Chapter 3 Linear Regression, Q14
set.seed(1)
x1 = runif(100)
x2 = 0.5*x1+rnorm(100)/10
y = 2+2*x1+0.3*x2+rnorm(100)
y = 2 + 2*x1 + 0.3*x2 + error
beta0 = 2 , beta1 = 2 , beta2 = 0.3
cor(x1,x2)
plot(x1,x2)
lm.model1 = lm(y~x1+x2)
summary(lm.model1)
The estimates for the coefficiets are as following.
beta0=2.13 , beta1 = 1.4396 , beta2 = 1.0097
Only beta0 estimate is a good estimation of the actual value of beta0. The estimates for beta1 and beta2 are not very accurate.
The p-value of the t-statistic of beta1 is slightly smaller than the 5% critical point. We can reject the hypothesis that beta1 = 0.
However the p-value of the t-statistic of beta2 is larger than the 5% critical point. Therefore we can't reject the null hypothesis that beta2=0.
lm.model2 = lm(y~x1)
summary(lm.model2)
The standard error of the estimate of beta1 has decreased.
The p-value associated with the t-statistic of beta1 is near zero. Therefore we can reject the null hypothesis that beta1=0.
lm.model3 = lm(y~x2)
summary(lm.model3)
The standard error of the estimate of beta2 has decreased.
The p-value associated with the t-statistic of beta2 is near zero. There we can reject the null hypothesis that beta2 = 0.
The results in (c) and (e) contradict each other. According to the results in (c) we couldn't reject the null hypothesis that beta2=0. However the results in (e) falsifies the null hypothesis. We are getting such results because of the high colinearity between x1 and x2. The high colinearity increases the standard error of the estimates of coefficients which leads to a decline in the t-statistic value and hence we can't reject the null hypothesis. Only after removing one of the predictors from the model we get the correct p-value associated with the coefficient.
x1 = c(x1, 0.1)
x2 = c(x2, 0.8)
y = c(y,6)
lm.model_g = lm(y~x1+x2)
summary(lm.model_g)
par(mfrow=c(2,2))
plot(lm.model_g)
p=2
n = length(y)
(p+1)/n
Effect of the new observation on the model in (c):
According to the Studentized residuals vs Leverage graph the newly added observation with index number 101 has a leverage statistic of 0.4 which greatly exceeds (p+1)/n. Therefore this observation has a high leverage. There is no outlier as Studentized residuals vs Fitted values graph is bounded between -2 and 2.
After the addition of the new observation the coefficient of x1 becomes significant and the coefficient of x2 becomes insignificant.
lm.model_g2 = lm(y~x1)
summary(lm.model_g2)
par(mfrow=c(2,2))
plot(lm.model_g2)
par(mfrow=c(1,1))
plot(predict(lm.model_g2),rstudent(lm.model_g2))

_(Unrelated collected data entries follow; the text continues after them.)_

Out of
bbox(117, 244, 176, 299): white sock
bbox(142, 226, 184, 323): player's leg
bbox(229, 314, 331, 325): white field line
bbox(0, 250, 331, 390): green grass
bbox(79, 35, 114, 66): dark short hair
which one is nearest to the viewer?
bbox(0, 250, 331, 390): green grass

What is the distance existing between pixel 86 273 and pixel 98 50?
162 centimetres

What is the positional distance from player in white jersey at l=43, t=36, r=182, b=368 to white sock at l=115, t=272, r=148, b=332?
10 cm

Effect of the new observation on the model in (d):
There is no high leverage point in data. In the Studentized residuals vs Fitted value graph the observation which is not bounded by -3 and 3 is an outlier.

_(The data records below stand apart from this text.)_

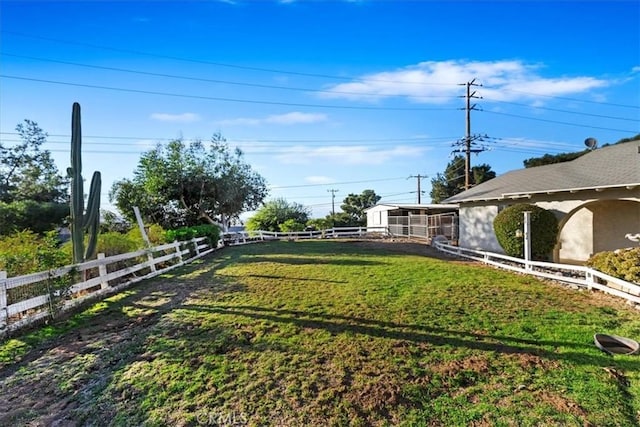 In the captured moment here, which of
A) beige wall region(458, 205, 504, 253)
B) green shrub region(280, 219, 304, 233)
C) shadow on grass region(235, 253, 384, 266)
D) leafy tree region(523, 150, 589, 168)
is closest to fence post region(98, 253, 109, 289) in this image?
shadow on grass region(235, 253, 384, 266)

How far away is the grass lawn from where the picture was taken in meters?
3.34

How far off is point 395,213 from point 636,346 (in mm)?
25415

The R-squared value has decreased.
lm.model_g3 = lm(y~x2)
summary(lm.model_g3)
par(mfrow=c(2,2))
plot(lm.model_g3)
par(mfrow=c(1,1))
plot(predict(lm.model_g3),rstudent(lm.model_g3))
Effect of the observation on the model in (e):
Studentized residuals vs leverage graph shows that there is one observation with a high leverage.
The Studentized residuals vs Fitted values graph shows that all the observations are bounded between -3 and 3 so there are no outliers.